* [Material supplied]:
···

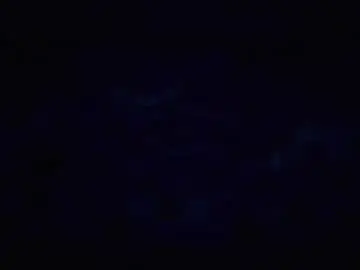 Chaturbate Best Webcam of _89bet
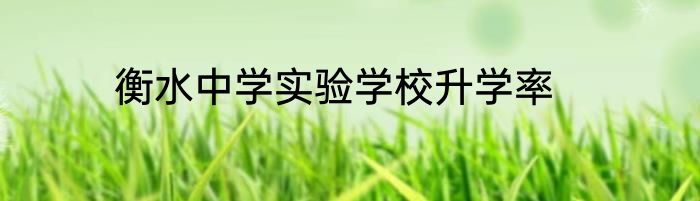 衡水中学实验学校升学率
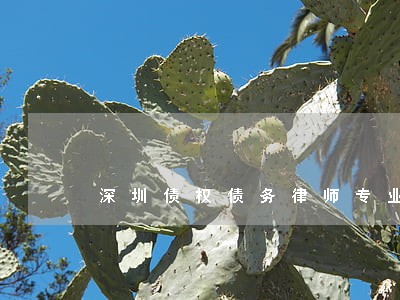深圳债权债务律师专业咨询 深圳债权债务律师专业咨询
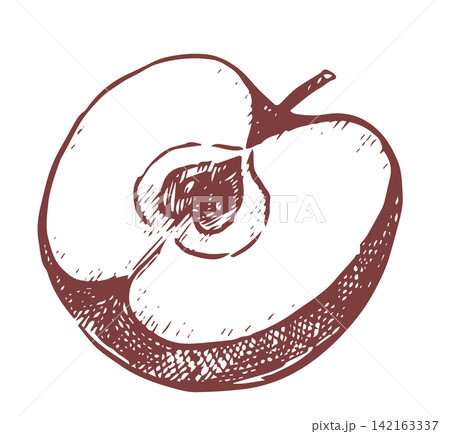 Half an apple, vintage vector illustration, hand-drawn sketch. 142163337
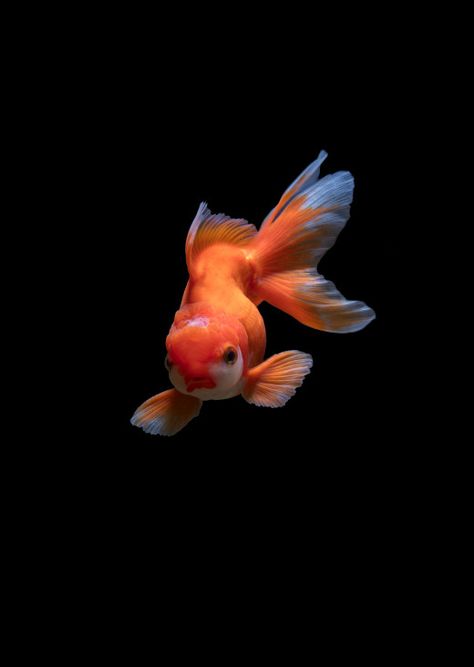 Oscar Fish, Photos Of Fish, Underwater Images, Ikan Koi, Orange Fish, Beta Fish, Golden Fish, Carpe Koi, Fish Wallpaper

···

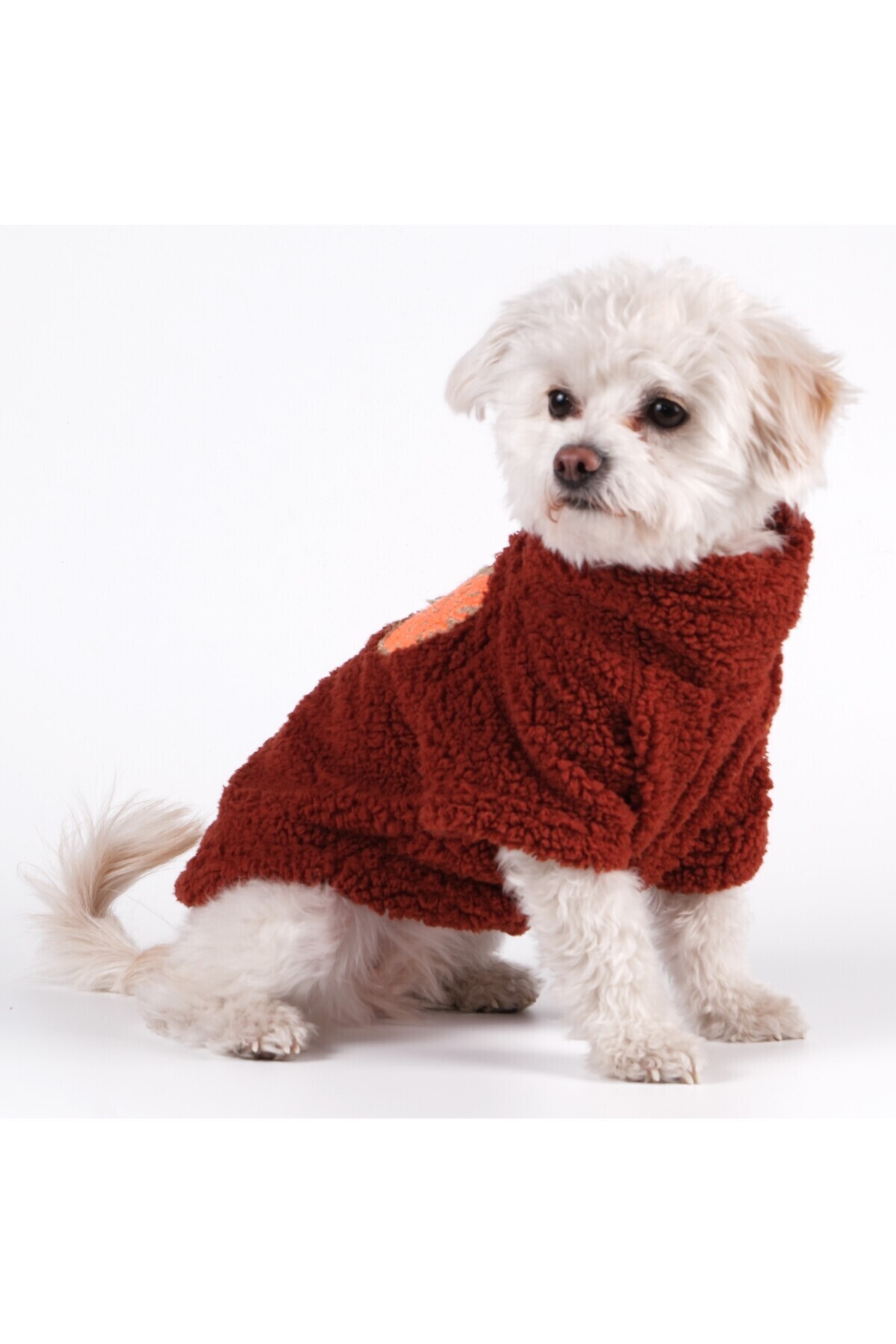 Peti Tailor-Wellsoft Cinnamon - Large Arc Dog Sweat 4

···

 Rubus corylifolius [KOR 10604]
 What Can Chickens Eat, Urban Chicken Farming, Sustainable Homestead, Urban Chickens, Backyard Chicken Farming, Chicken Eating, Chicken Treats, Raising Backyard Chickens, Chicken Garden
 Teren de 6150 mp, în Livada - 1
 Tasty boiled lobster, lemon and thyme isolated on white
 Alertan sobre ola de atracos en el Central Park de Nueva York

···

* [Activity]:
Here the job is to copy the listing above word for word, starting at the line with "衡水中学实验学校升学率" and ending at the line with "Oscar Fish, Photos", and to leave out the pictures.

* [Response to this task]:
 衡水中学实验学校升学率
深圳债权债务律师专业咨询 深圳债权债务律师专业咨询
 Half an apple, vintage vector illustration, hand-drawn sketch. 142163337
 Oscar Fish, Photos Of Fish, Underwater Images, Ikan Koi, Orange Fish, Beta Fish, Golden Fish, Carpe Koi, Fish Wallpaper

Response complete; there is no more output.